Why Some Countries Fight So Hard to Stay Independent
Poland’s foreign minister has remarked that his country would “eat grass” before ever becoming a Russian colony again. The phrasing was dramatic, but the sentiment behind it is instantly recognizable to societies that live in the shadow of a dominant outside power. Across the world, peoples and states often confront the same structural dilemma: how to carve out real independence when either your geography or a global superpower’s ambitions make you vulnerable.
Poland’s modern strategy is to lock itself firmly into the orbit of a distant protector. Its security rests on anchoring itself to the United States and on the guarantees provided by NATO, which together offer it a credible shield against Russian power.
In Latin America, generations of movements in Venezuela, Cuba, and many other countries have pushed back against U.S. power not only out of ideology, but out of a long struggle to loosen the grip of a superpower in their immediate neighborhood and over their societies. The drive for autonomy runs deep among many, yet it constantly runs up against economic dependence, security pressures, and political constraints that tie much of the region to Washington. The result is a recurring push and pull between asserting independence and managing the realities of living beside a dominant state.
Iran presents another variation of this dynamic. The Islamic Republic’s quest for deterrence, regional strategic depth, and its own military capabilities is inseparable from its history of foreign intervention. Since the nineteenth century, Iran has been invaded, coerced, and partitioned by outside powers. Russian and British dominance shaped its modern political identity, and the 1953 coup cemented a deep suspicion of dependency on external protectors. The state’s determination to develop its own security architecture is often explained strictly through ideology, but its roots run far deeper. It reflects a long memory of vulnerability and a belief that real security must come from within rather than from any alliance or umbrella, including in a modern context where the United States has repeatedly tried to impose its own security architecture and a lasting hegemony through military force.
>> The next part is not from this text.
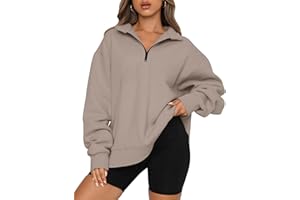Trendy Queen Womens Oversized Sweatshirts Fall Sweaters Fashion Hoodies Half Zip Pullover Long Sleeve Shirts Clothes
Taiwan faces a different but related predicament. Its project of democratic self-rule exists under constant pressure from a vastly more powerful neighbor. At its core, Taiwan’s political identity is shaped by a determination to avoid absorption into a larger power whose vision for the island is fundamentally at odds with its own.
The Palestinians inhabit perhaps the starkest version of this condition. Their national movement is defined by the pursuit of self-determination under overwhelming military domination. Every political strategy, from negotiation to resistance, takes shape within the confines of a landscape controlled by a far stronger state.
These cases differ widely in culture, ideology, and political systems, yet they follow the same basic logic that political theorists and international relations scholars have long identified. States and societies often resist domination by the closest hegemonic power and instead look for safety either by aligning with a more distant patron or by building enough internal strength to deter coercion.
This helps explain why Sikorski’s comment resonates. It captured a universal human impulse: the refusal to be subordinated, even at high cost. Yet that cost is also the reason why many people ultimately would rather accept the orbit of the very hegemon they confront. In Iran, Poland, Ukraine, Venezuela, and Cuba, the calculus is often painful. Autonomy demands sacrifice, and dependence offers tradeoffs.